Senate hazing ban bill hurdles 2nd reading, eyes final nod Monday

MANILA -- The Senate on Tuesday approved on second reading the proposed measure banning hazing and regulating other forms of initiation rites of fraternities, sororities and other organizations and is now eyeing to pass the amended Anti-Hazing Law by Monday next week.

Senate Bill 1662, to be known as the Anti-Hazing Act of 2018, was pushed in the upper chamber following an inquiry into the death of University of Santo Tomas law freshman Horacio "Atio" Castillo III last year.

The inquiry was conducted jointly by the Senate Committee on Public Order and Dangerous Drugs and the Senate Committee on Justice and Human Rights

The measure seeks to improve on the Anti-Hazing Law of 1995, which lawmakers said had failed to prevent hazing deaths.

SB 1662 expands the definition of hazing to "any physical or psychological suffering, harm or injury inflicted on a recruit, member, neophyte or applicant" as a form of initiation rite or practice made as a prerequisite for admission in a fraternity, sorority or organization.

Hazing acts under the definition include "paddling, whipping, beating, branding, forced calisthenics, exposure to the weather, forced consumption of food, liquor, beverage, drug or other substances."

The measure also considers "any other brutal treatment or forced physical activity which is likely to adversely affect the physical and psychological health of such recruit, member, neophyte or applicant" as a form of hazing.

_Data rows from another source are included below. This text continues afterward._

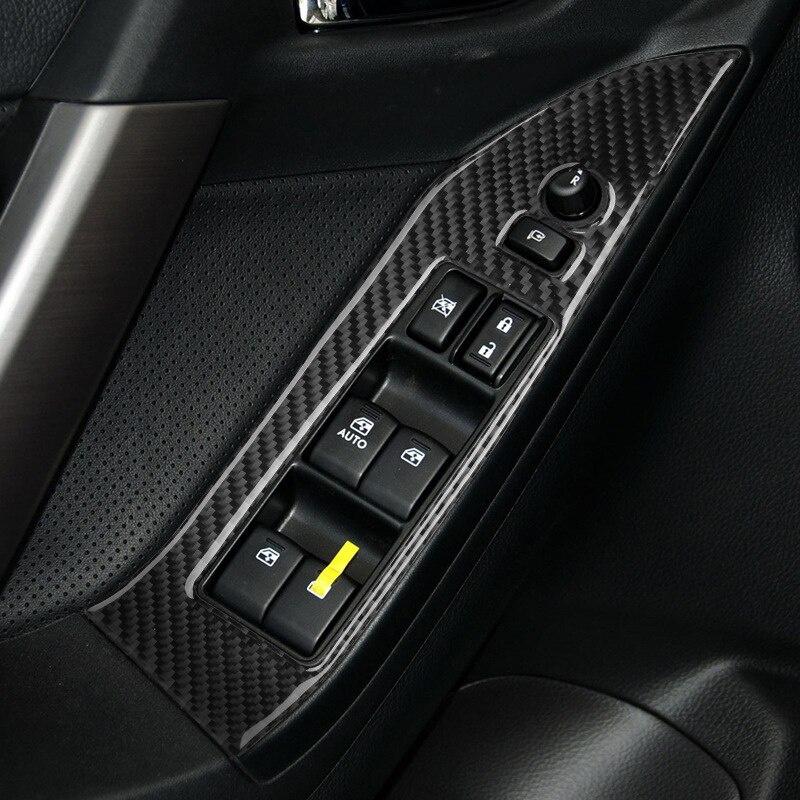 Voor Subaru Forester 2013-2018 LHD RHD 4 stuks/set Koolstofvezel Autodeur Raambedieningsschakelaar Bedieningsknop Paneelframe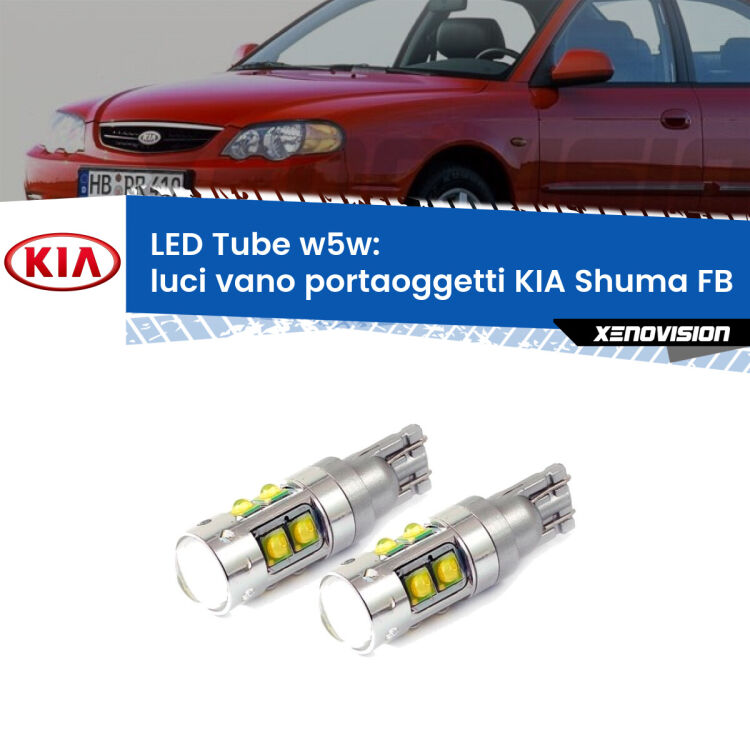 <strong>Luci Vano Portaoggetti LED 6000k per KIA Shuma</strong> FB 1997 - 2000. Lampadine <strong>W5W</strong> canbus modello Tube, luce bianco lunare, lunga durata e compatibilità.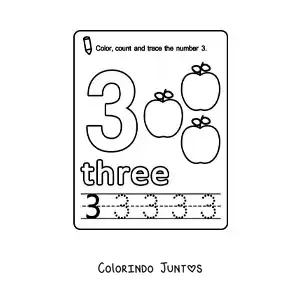 Desenho para colorir de ficha para aprender o numero 3 em ingles com frutas
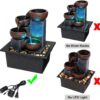 Small Indoor Relaxation Tabletop Fountain and Waterfall, Zen Meditation Waterfall Feature with Color LED Light & Natural River Rocks, Waterfall Decor for Home Office Bedroom Living Room (Style 1)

The proposed law requires fraternities and sororities to register with the school, university, or in cases of community-based organizations to the barangay.

The organizations are also required to have an adviser who will be responsible in monitoring the members' activities.

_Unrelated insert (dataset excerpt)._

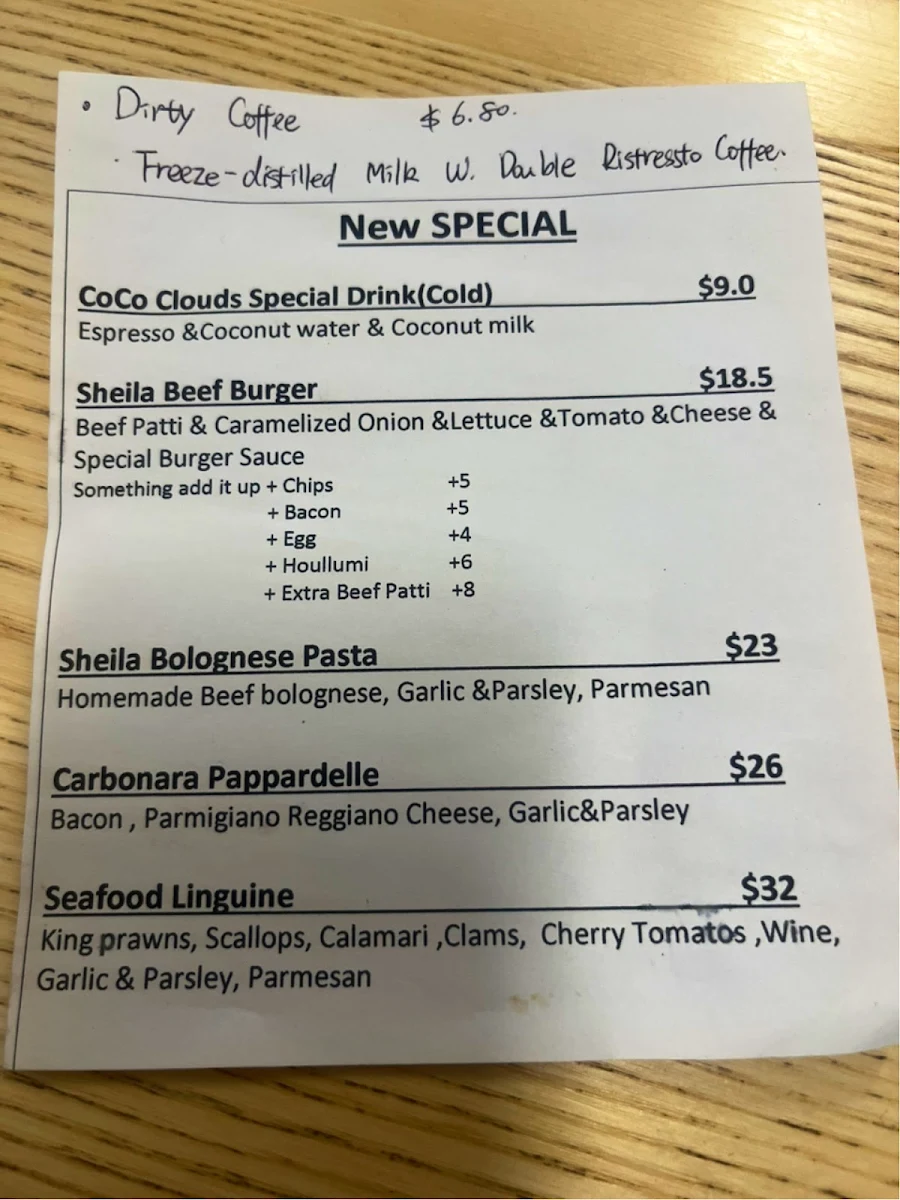 Menu, Sheila Coffee & Food cafe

The fraternity or sorority adviser should be an active member of the school faculty and in good standing.

For school-based initiation rites, fraternities, sororities, and organizations are required to submit and post a written application not later than seven days prior to the scheduled date, indicating pertinent details regarding the initiation rites.

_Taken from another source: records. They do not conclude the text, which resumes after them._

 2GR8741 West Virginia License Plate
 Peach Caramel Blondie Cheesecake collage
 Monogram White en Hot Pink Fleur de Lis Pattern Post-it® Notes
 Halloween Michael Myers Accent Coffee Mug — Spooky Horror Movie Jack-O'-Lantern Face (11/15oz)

In addition, the presence of school representatives will be required to monitor, record and report initiation rites so as to ensure that no hazing shall be conducted.

The measure also seeks to hold school officials more accountable for activities of fraternities and sororities.

The measure likewise imposes penalties ranging from four years to life imprisonment and fines ranging from PHP 1 million to PHP 3 million to those found involved in hazing.

Any person, member of the fraternity or not, who has knowledge of hazing but failed to inform authorities will also be penalized under the proposed law.

Senator Juan Miguel Zubiri lauded the swift passage of the bill in the Senate.

He expressed high hopes that the measure would be swiftly ratified by both Chambers of Congress.

I'm putting the cart before the horse because it was not yet ratified, but I'm sure this will go through ratification very soon, Zubiri said.

Zubiri's optimism is not without basis as the House of Representatives has already approved on final reading an almost identical version of the proposed bill last January 22.

SB 1622 was presented for plenary consideration only last January 23. (PNA)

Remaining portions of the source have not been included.